During my last visit to Lapurdi, I had an “aha” moment for relation-oriented ontologies, which happened as I was running through a cave of hers. This had to do with musing about what I didn’t want, focusing on my breathing, then what I was struggling to articulate came into form suddenly. There are tales of shepherds walking into he caves by the ocean (there are many in and around Biarritz like this) and seeing hundreds of empty cups, chalices, and bowls. When asked why they are not filled, Mari replies that they are – filled with “no”.
Ez and eza here have many valances that elude English. I was taught that what was in her cups was not nothing in the English-language sense: it was filled with space. Her caves (another “space place” among the rocks and ocean) are filled with potentials, rich with things in-motion that many cannot see…but the ongoing act of ezis as close as we - women and genderfluid humans and nonhumans associated w/Mari - can get to making this legible to others.

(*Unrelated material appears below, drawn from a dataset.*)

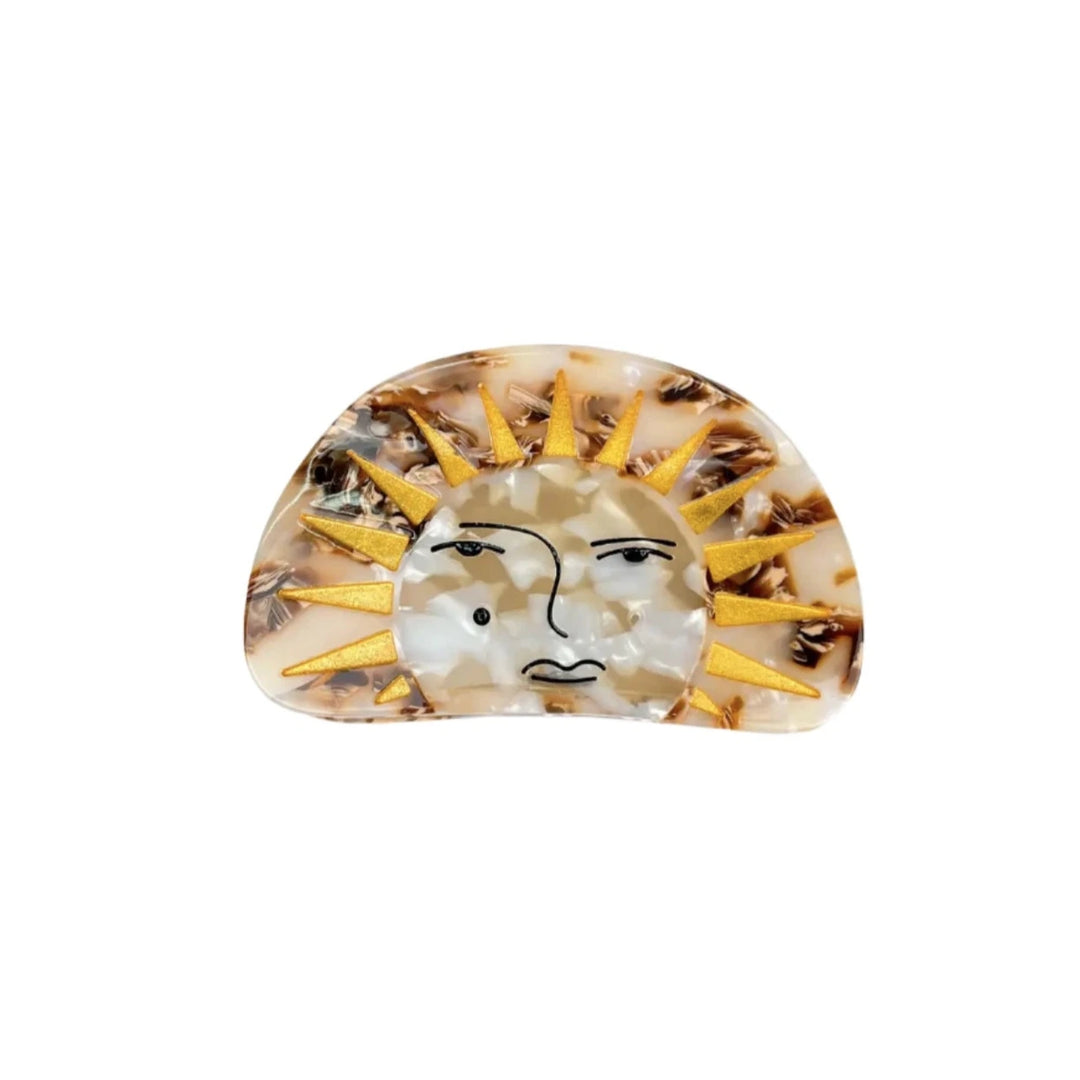 A sun-themed hair clip with a marbled finish, golden sun rays, and an artistic face design, set against a white background.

...Zulaika frames nourishment by the negative within European political contexts in this chapter, but much of what it touches on is beyond those markers:
There can be no libertarian conception of politics as long as one party tries to dominate the other side intellectually or politically by holding onto an ultimate foundation of the social. “Nourishment by the negative” will always be the starting point for such a political project—as negation is the primary step in the creation of a new process.[p. 135]

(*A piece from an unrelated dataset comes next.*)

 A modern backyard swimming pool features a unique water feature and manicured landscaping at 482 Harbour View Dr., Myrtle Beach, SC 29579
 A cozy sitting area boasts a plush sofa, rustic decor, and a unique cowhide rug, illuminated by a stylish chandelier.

Taking relational networks and flows alongside negation as starting points for political projects, and heeding the call of Afrofuturist and Indigenous Futurisms to imagine into being other worlds, other communities:
What does my Basque/Euskalduna worldmaking look like when negation is the generative start?
What does this dissertation writing and research look like with eza as their beginning?
The last sections of this Interstice are my engagement with steps of negation, the acts of having to refute and negate activated my own processes of holding these Western methodologies, weighing them and the associated ontological pulls, then taking in useful kinetic energy while refuting the need to constantly carry them along as ‘proof’.
These processes of negation eventually cleared enough space to cultivate different ways of sensing and futures-relations. Tuck and Gaztambide-Fernández articulate futurity as ways of knowing about and relating to futures. Futurity is not merely another way of saying future, rather it is “a lens to shake up the dominant, linear and causal way of speaking about and tracing relationships between past, present and future.”[p. 80]
Taking into account my articulations of ez, the moment after the exhale is a pause that resists the urge to hurry and progress in linear fashion. This shakes up dominant paradigms – one small pause at a time - before the next inhale, supporting cycles that breathe (re)newed worlds into being.